■ Dataset excerpts ■

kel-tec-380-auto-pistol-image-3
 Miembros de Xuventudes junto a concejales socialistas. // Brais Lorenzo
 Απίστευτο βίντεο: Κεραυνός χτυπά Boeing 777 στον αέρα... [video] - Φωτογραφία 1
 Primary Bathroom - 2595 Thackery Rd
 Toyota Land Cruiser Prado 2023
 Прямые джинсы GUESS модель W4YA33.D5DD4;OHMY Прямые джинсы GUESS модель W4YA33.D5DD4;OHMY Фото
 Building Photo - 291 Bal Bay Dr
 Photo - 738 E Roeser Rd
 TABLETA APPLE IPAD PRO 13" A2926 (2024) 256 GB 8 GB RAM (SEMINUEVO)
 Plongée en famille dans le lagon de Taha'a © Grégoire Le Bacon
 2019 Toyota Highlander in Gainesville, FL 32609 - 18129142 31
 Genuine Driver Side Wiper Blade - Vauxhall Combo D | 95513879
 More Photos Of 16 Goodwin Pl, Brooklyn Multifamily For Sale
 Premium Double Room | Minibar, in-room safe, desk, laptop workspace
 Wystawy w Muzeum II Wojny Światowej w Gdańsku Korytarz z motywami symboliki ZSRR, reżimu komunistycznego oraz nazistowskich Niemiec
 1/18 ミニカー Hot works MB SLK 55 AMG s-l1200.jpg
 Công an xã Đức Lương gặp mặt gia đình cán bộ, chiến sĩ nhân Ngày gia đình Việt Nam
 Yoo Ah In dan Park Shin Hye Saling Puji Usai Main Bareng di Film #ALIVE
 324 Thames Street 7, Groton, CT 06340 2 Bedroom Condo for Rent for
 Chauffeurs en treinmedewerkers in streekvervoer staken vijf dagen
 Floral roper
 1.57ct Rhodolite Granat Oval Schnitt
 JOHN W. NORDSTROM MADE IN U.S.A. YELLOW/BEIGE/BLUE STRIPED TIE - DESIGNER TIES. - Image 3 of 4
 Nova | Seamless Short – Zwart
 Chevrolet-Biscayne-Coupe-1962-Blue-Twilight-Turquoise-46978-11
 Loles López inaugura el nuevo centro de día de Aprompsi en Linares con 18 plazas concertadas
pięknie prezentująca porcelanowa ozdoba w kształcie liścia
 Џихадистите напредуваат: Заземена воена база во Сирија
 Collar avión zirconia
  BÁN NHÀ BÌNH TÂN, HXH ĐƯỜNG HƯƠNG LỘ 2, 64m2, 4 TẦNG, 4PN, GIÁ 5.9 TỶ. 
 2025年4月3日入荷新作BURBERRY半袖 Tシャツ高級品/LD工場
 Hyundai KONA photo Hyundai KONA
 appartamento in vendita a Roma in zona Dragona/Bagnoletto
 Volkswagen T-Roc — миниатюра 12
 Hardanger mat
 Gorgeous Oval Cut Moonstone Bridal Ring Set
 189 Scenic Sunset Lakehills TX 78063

■ Exercise details ■
With the line holding "2019 Toyota Highlander" as the first and the line holding "324 Thames Street" as the last, please transcribe exactly the lines of the material above in that range and nothing else.

■ Completed task ■
 2019 Toyota Highlander in Gainesville, FL 32609 - 18129142 31
 Genuine Driver Side Wiper Blade - Vauxhall Combo D | 95513879
 More Photos Of 16 Goodwin Pl, Brooklyn Multifamily For Sale
 Premium Double Room | Minibar, in-room safe, desk, laptop workspace
 Wystawy w Muzeum II Wojny Światowej w Gdańsku Korytarz z motywami symboliki ZSRR, reżimu komunistycznego oraz nazistowskich Niemiec
 1/18 ミニカー Hot works MB SLK 55 AMG s-l1200.jpg
 Công an xã Đức Lương gặp mặt gia đình cán bộ, chiến sĩ nhân Ngày gia đình Việt Nam
 Yoo Ah In dan Park Shin Hye Saling Puji Usai Main Bareng di Film #ALIVE
 324 Thames Street 7, Groton, CT 06340 2 Bedroom Condo for Rent for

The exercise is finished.